___ PROVIDED MATERIAL

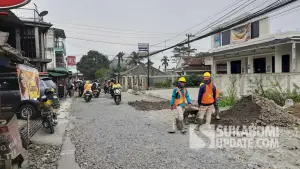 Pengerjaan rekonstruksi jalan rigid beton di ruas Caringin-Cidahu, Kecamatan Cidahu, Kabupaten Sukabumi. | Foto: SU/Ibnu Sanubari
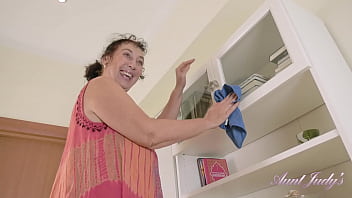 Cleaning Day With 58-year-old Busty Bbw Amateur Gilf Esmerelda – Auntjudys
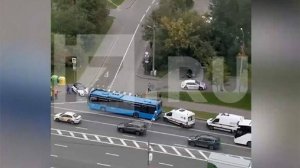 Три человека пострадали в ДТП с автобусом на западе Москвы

______

Leave the pictures out. Output exactly, and only, the lines from the one with "Cleaning Day With" through the last line of the listing above, both included.

## ANSWER BOX:
 Cleaning Day With 58-year-old Busty Bbw Amateur Gilf Esmerelda – Auntjudys
 Три человека пострадали в ДТП с автобусом на западе Москвы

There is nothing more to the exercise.